Oh, not this again. Grace Hopper didn't invent the term "bug", as you can pretty clearly tell if you look up the scans of the relevant log page (with preserved bug!) that are available online, and imagine why a person might write "First known case of an actual bug!" next to it.
What happened was, of course, that "bug" was a well-established term at the time (as any sufficiently detailed dictionary should confirm), but this was the first time it had been an actual bug rather than just a metaphor -- and Ms. Hopper, being a computer geek, found this funny enough to actually tape the bug into the official logbook.
It wouldn't have been nearly that funny if it were just a bug in the relay, without being the physically-realized pun. It would have just been, eww, smushed bug. And she couldn't have known that "the first bug" would be worth recording.
Very good feature, indeed.
But some facts are a bit obsolete:
The Mare Nostrum is on actually on place 40 , not eight.
An up-to-date list is available at http://www.top500.org/
Cheers
Nope
Nicely written article. However, in your introduction, when you "paraphrase" Asimov's "The Last Question", you should have cited Fredric Brown's one-page story, "Answer" (Is there a God?/Yes, now there is a god), which had been written five years before Asimov's story.
The video has a Cray in tradition to a Thinking Machine, as you can see from the nameplate on the coolant expansion tower.

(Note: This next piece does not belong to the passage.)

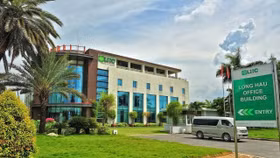 Ông lớn Long Hậu hút dòng tiền đậm nhờ cho thuê nhà xưởng xây sẵn và khu lưu trú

Both models are obsolete. In fact Thinking Machines were never took off in the first place, although they seemed like a cool idea.
Nice article.
How can one mention Asimov’s Multivac in reference to the ultimate in fictional Supercomputer and not in the train of thought bring up Douglas’ Deep Thought…. I mean seriously Deep Thought was the size of a planet, had its own gravity, and only took 10 million years to determine that the answer to Life the Universe and everything was 42. Multivac on the other had does get props for consuming all the energy in the universe on the whim of two drunken sysops.
The first chess computer was probably that built by Spanish engineer Leonardo Torres-Quevedο. You can see photos of it here and here
The best of all is MareNostrum at Barcelona Computing Centre. A prefct combination of computing and arquitecture.
The MareNostrum is the best.
I believe the spanish must be proud of their exotic yet powerful supercomputer.
Talking about powerful, I'm not even have used my small laptop to its maximum capacity.